At high field strengths, cardiac cine acquisitions acquired with balanced SSFP can suffer from banding artifacts. To mitigate this issue, dynamically phase-cycled cardiac cine was acquired in a single breathhold with undersampling rates of 4 and 6, and images were reconstructed with a phase-cycle banding profile regularization that exploits redundancy between phase-cycles.
The dynamic phase cycling scheme is depicted in Fig. 1a [1]. The phase cycle was incremented through 180 degrees over 23 cardiac phases every heartbeat, then kept constant until the next trigger. The net result is two effective phase-cycles (differing by 180° with respect to each other) acquired in interleaved heartbeats.

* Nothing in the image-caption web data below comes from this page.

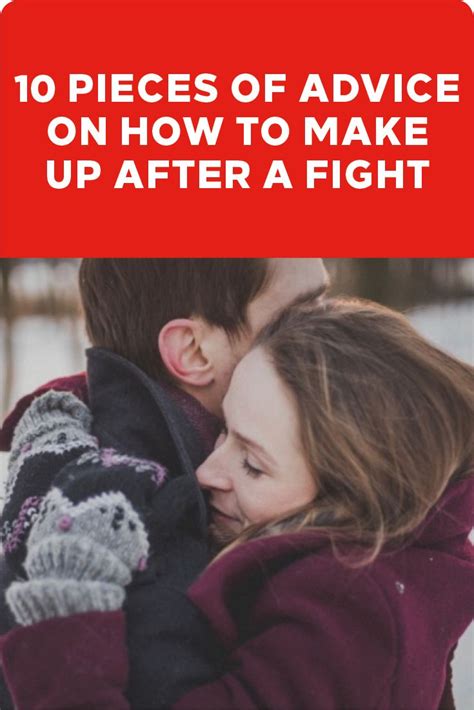 10 Pieces Of Advice On How To Make Up After A Fight Disagreements Often Lead To Arguments Among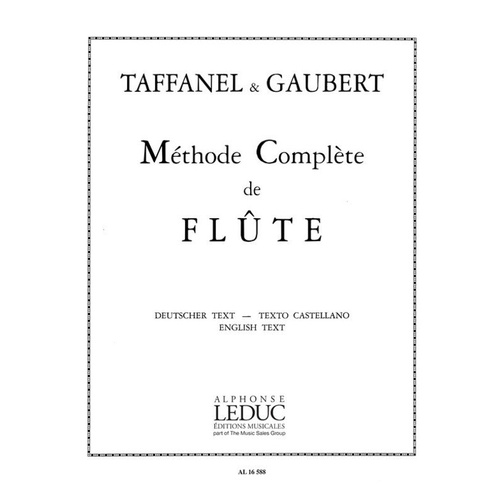 Taffanel & Gaubert Complete Flute Method by Alphonse Leduc - 227 Pages, Multilingual Instructions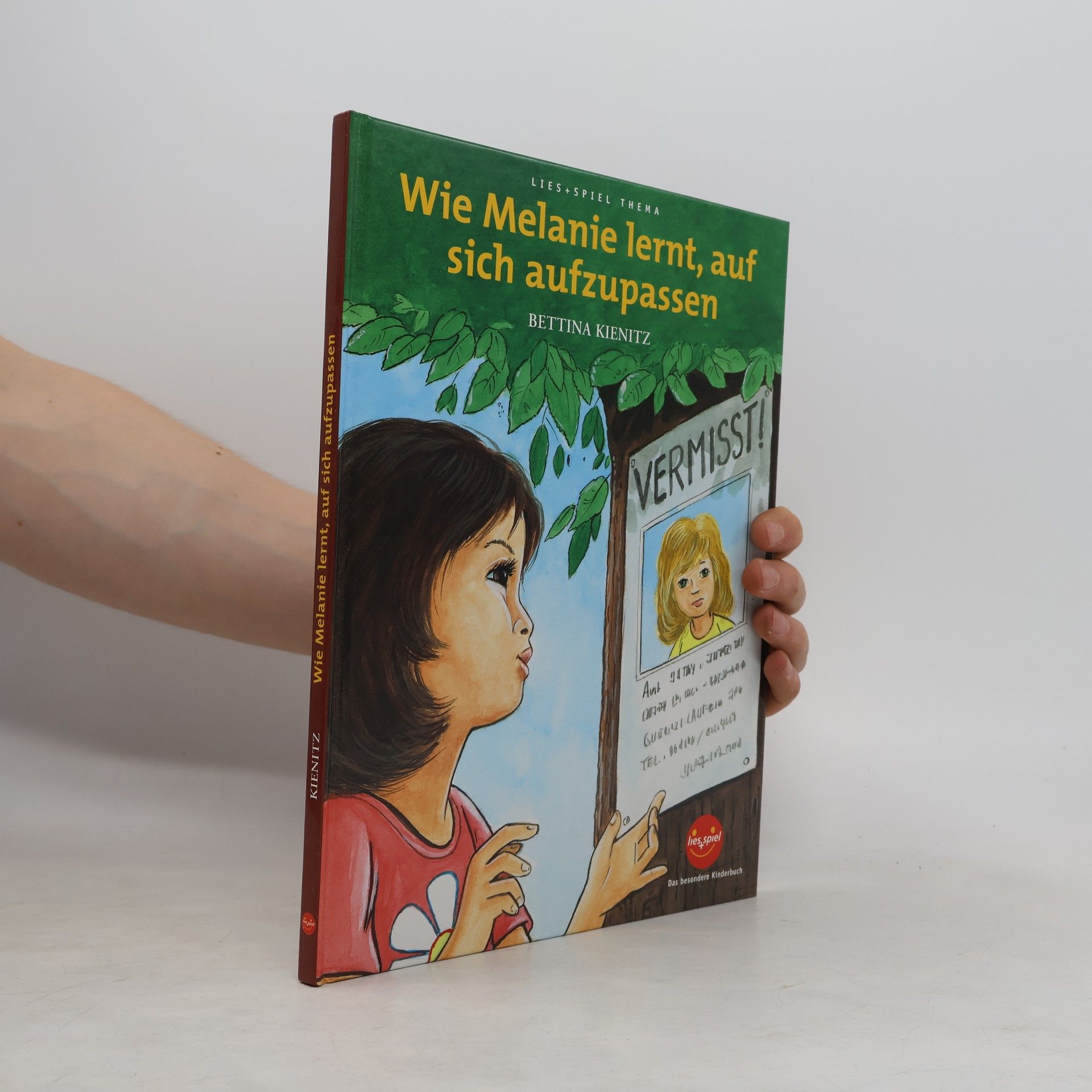 Bettina Kienitz Wie Melanie lernt, auf sich aufzupassen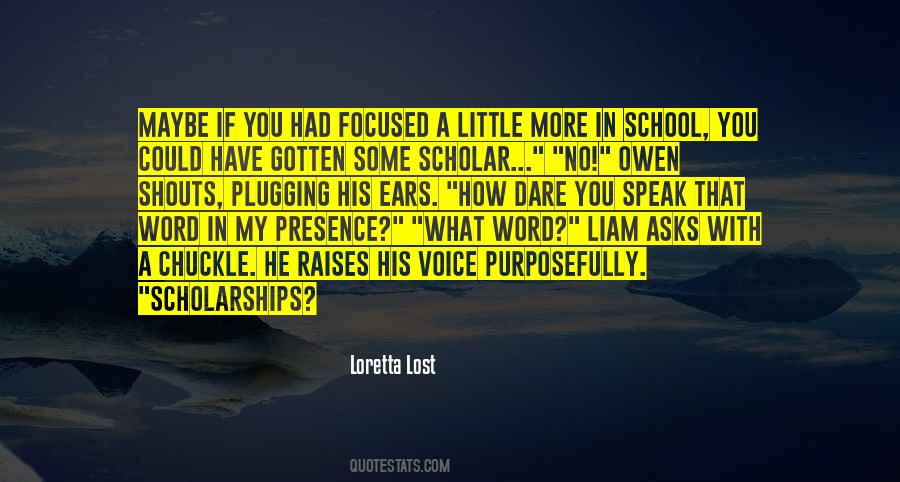 Quotes About Scholarships #1784788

Reconstructions were performed by solving:$$(1)\quad\underset{x}{\arg\min}\left\|SFC_Rx-k_s\right\|_2^2+\mu_p\left\|Rx\right\|_1+\mu_w\left\|\Psi x\right\|_1$$where $$$x$$$ is the image, $$$C_R$$$ represents receiver sensitivity profiles, $$$F$$$ is a two-dimensional FFT, $$$S$$$ is k-space sampling, $$$k_s$$$ is the acquired data, $$$R$$$ is a transform that exploits redundancy between phase-cycling banding profiles (defined below), $$$\Psi$$$ is a 3-dimensional wavelet transform over two spatial dimensions and time [2], and $$$\mu_p$$$ and $$$\mu_w$$$ are parameters that control the regularization strength.
$$$R$$$ is defined under the assumption that bSSFP banding can be approximated by multiplication of the “true” image by a banding-profile (i.e., analogous to receiver sensitivities). That is, $$$x_i=P_ix$$$, where $$$P_i$$$ is the banding profile for the $$$i$$$’th phase-cycle. Thus for two phase-cycles, as is the case here, $$$P_1x_2-P_2x_1=0$$$, and at every voxel location, $$$v$$$, $$$R_v=[-P_{2,v},P_{1,v}]$$$.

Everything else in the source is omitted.